» **Task prompt**
Transcribe only the part of the material below that begins at the line containing "Nissan CLIPPER VAN 2018-04 8284204-10" and ends at the line containing "Thumbnail: 2019 Chevrolet Traverse - 13", with both kept and images left out.

» **Available data**
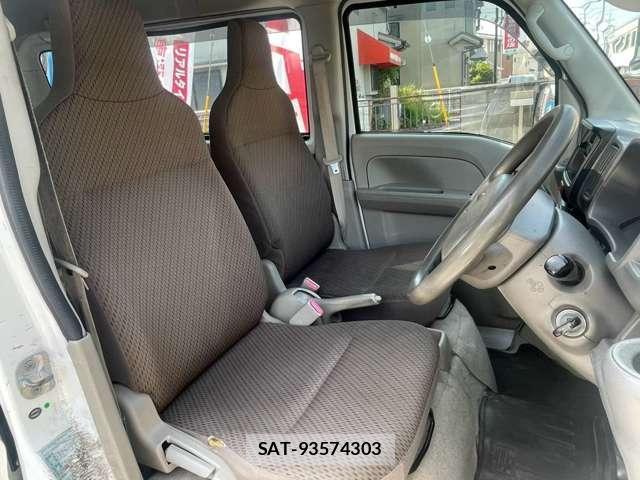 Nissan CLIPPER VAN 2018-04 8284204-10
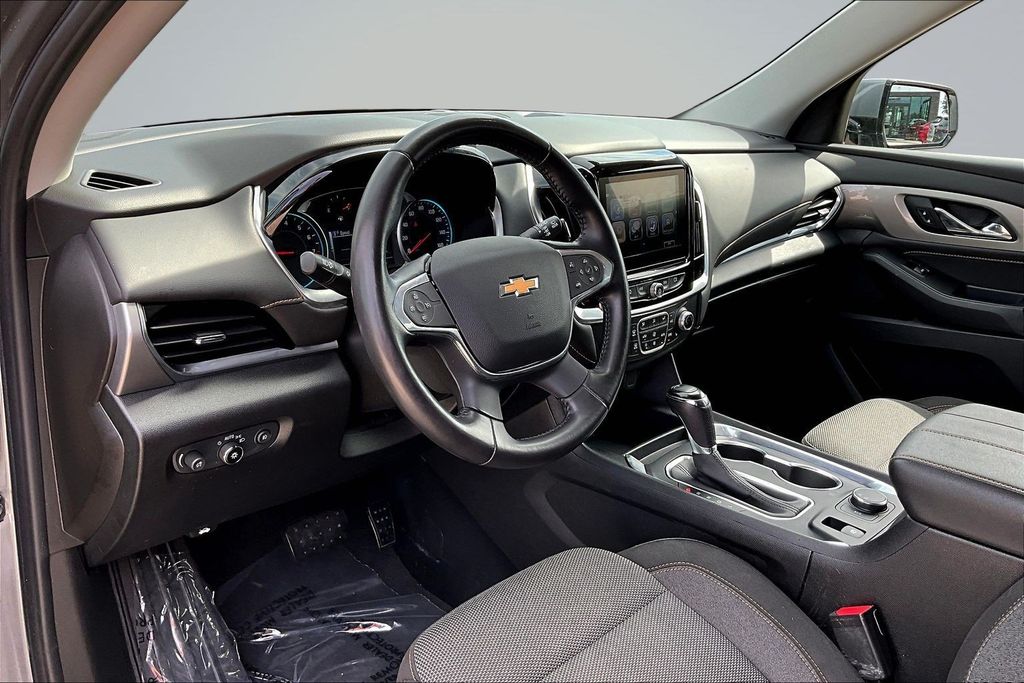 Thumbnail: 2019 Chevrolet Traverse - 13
--
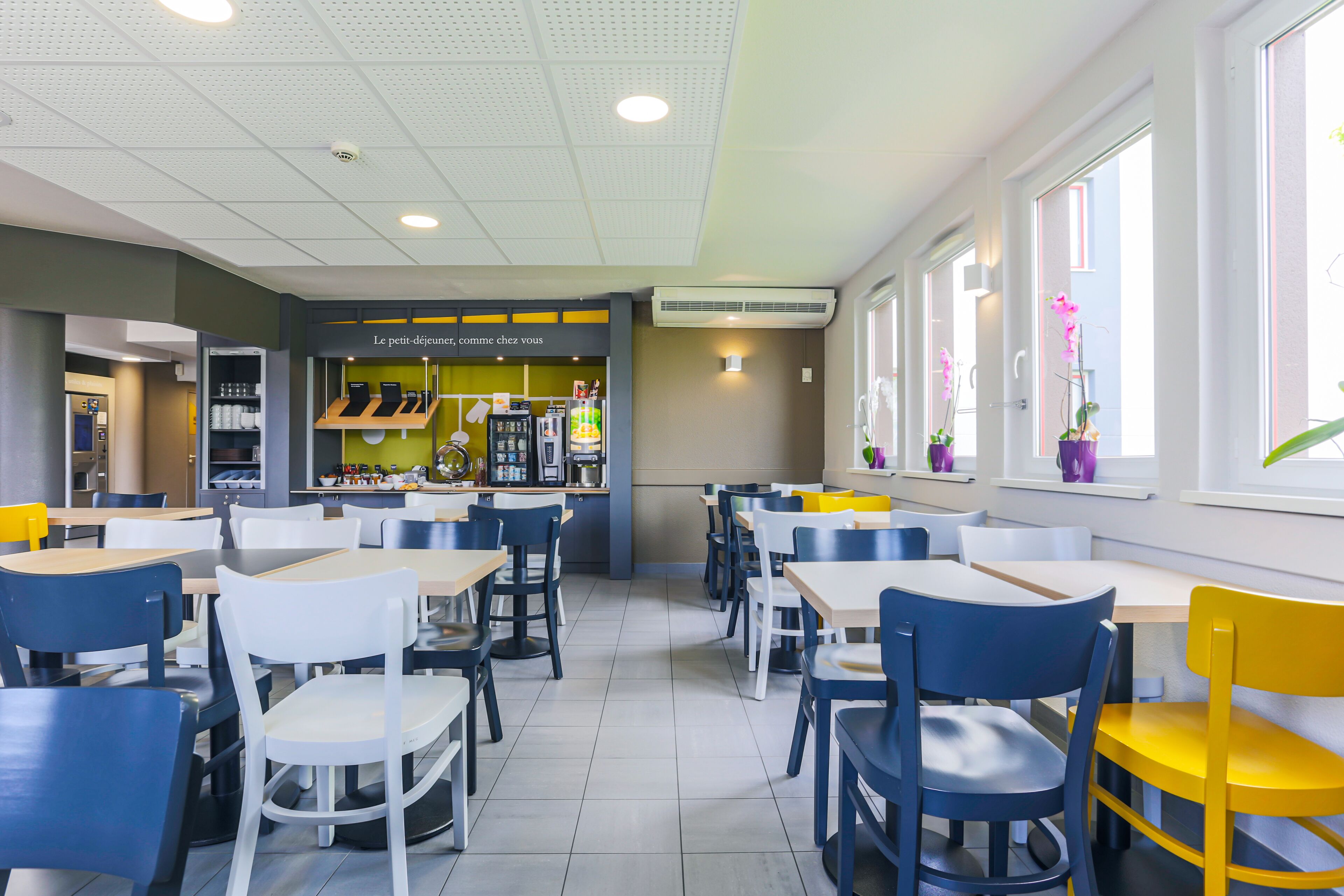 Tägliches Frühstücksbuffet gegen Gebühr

» **Final answer**
 Nissan CLIPPER VAN 2018-04 8284204-10
 Thumbnail: 2019 Chevrolet Traverse - 13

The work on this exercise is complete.